O Malawi protagonizou uma das maiores surpresas da história da Taça das Nações Africanas Femininas ao derrotar a campeã em título, Nigéria, por 3-2, na estreia do Grupo C, em Marrocos.
As Scorchers, na sua primeira participação na competição continental, superaram as 10 vezes campeãs africanas graças a uma exibição brilhante liderada pelas irmãs Temwa e Tabitha Chawinga. A vitória garantiu ao Malawi o seu primeiro triunfo de sempre na WAFCON e alterou imediatamente o panorama do Grupo C.
A Nigéria entrou na competição como clara favorita. As Super Falcons dominaram o futebol feminino africano durante décadas, conquistando 10 dos 14 títulos anteriores da WAFCON e afirmando-se como a seleção nacional feminina mais bem-sucedida do continente.
O Malawi, no entanto, demonstrou poucos sinais de nervosismo. Igualou a intensidade da Nigéria durante toda a partida e aproveitou as oportunidades com grande eficácia.

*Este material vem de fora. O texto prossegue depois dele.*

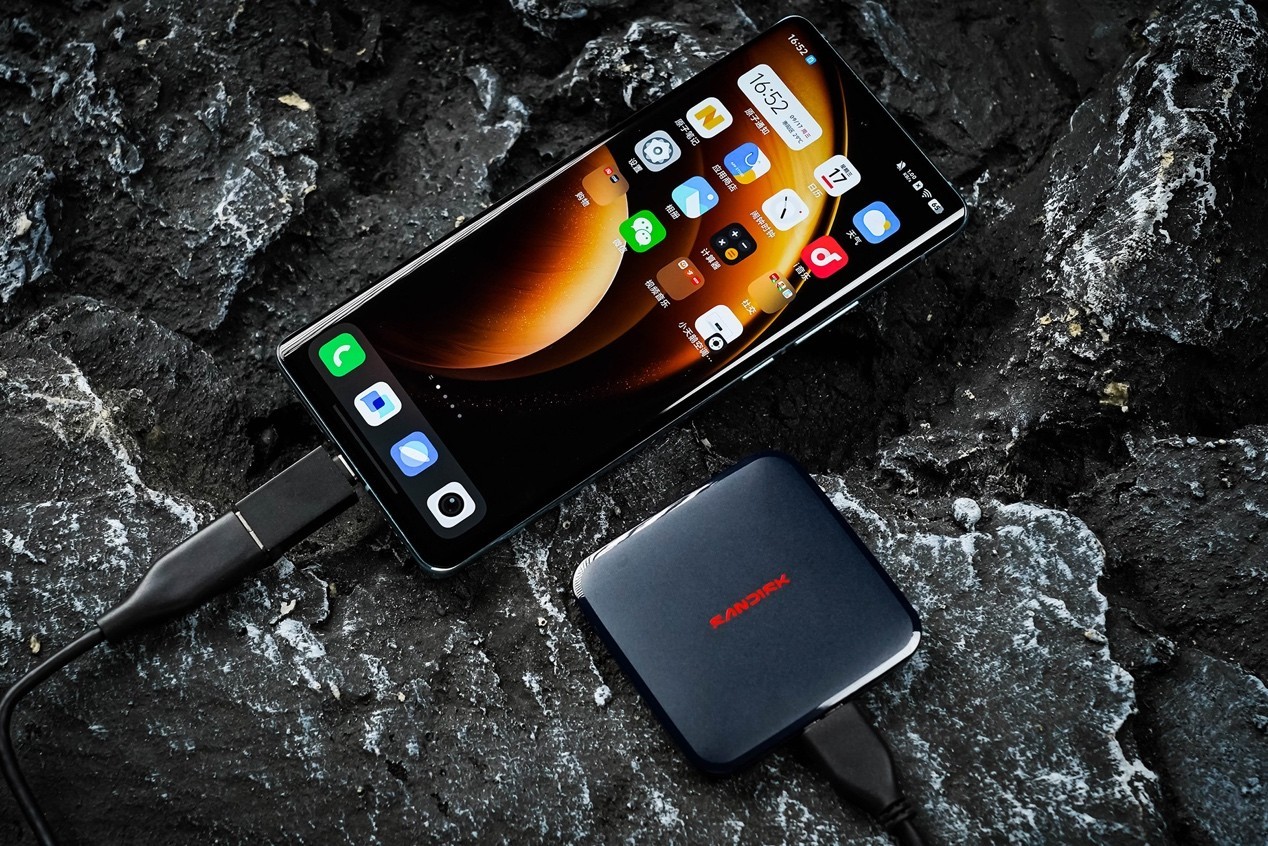 焕新来袭,实力如一——闪迪ELE移动固态硬盘开箱试用 助力高效数字生活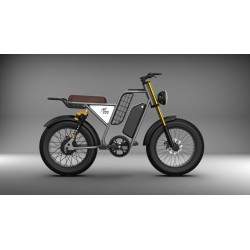 Monorim Vipe - elektrische fiets met 1000 W motor en 20,8 A batterij Monorim - 7 Monorim Vipe - elektrische fiets met 1000 W mot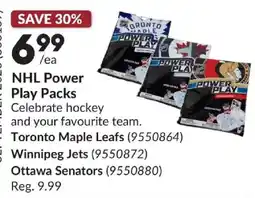 Princess Auto Nhl power play packs offer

Temwa Chawinga voltou a realizar uma exibição que confirmou o seu estatuto como uma das melhores futebolistas de África. A avançada do Kansas City Current marcou dois golos, incluindo o primeiro golo de sempre do Malawi na Taça das Nações Africanas Femininas, enquanto a sua irmã Tabitha fez o terceiro para completar uma memorável atuação familiar.
A Nigéria reagiu através da capitã Rasheedat Ajibade, que converteu uma grande penalidade, e de Grace Kanu, mas as Super Falcons não conseguiram encontrar o golo do empate nos minutos finais, apesar da pressão crescente.
A derrota surgiu após uma preparação difícil para a Nigéria. Dias antes da estreia no torneio, a avançada Esther Okoronkwo revelou que dinheiro tinha sido roubado do seu quarto de hotel em Marrocos. A Federação Nigeriana de Futebol confirmou posteriormente que o suspeito foi detido, condenado e que o dinheiro roubado foi recuperado, insistindo que o incidente não desviaria o foco da equipa.
Apesar desse contratempo fora das quatro linhas, as dificuldades da Nigéria dentro de campo também expuseram fragilidades táticas e defensivas diante de um Malawi enérgico, que pressionou agressivamente e atacou com velocidade durante toda a partida.
O resultado evidencia o rápido crescimento do futebol feminino em África. Equipas antes consideradas azarãs estão a tornar-se cada vez mais competitivas, tornando a diferença entre as potências tradicionais e as nações emergentes menor do que nunca.
A histórica vitória colocou o Malawi na liderança do Grupo C e reforçou as suas esperanças de alcançar a fase a eliminar logo na sua estreia. Para a Nigéria, a derrota deixa pouca margem para erro antes do decisivo confronto frente à Zâmbia.
As Super Falcons precisam agora de um resultado positivo para manter viva a defesa do título e preservar as esperanças de qualificação para a fase a eliminar e para o Campeonato do Mundo Feminino da FIFA de 2027, sendo que apenas as semifinalistas garantem a qualificação.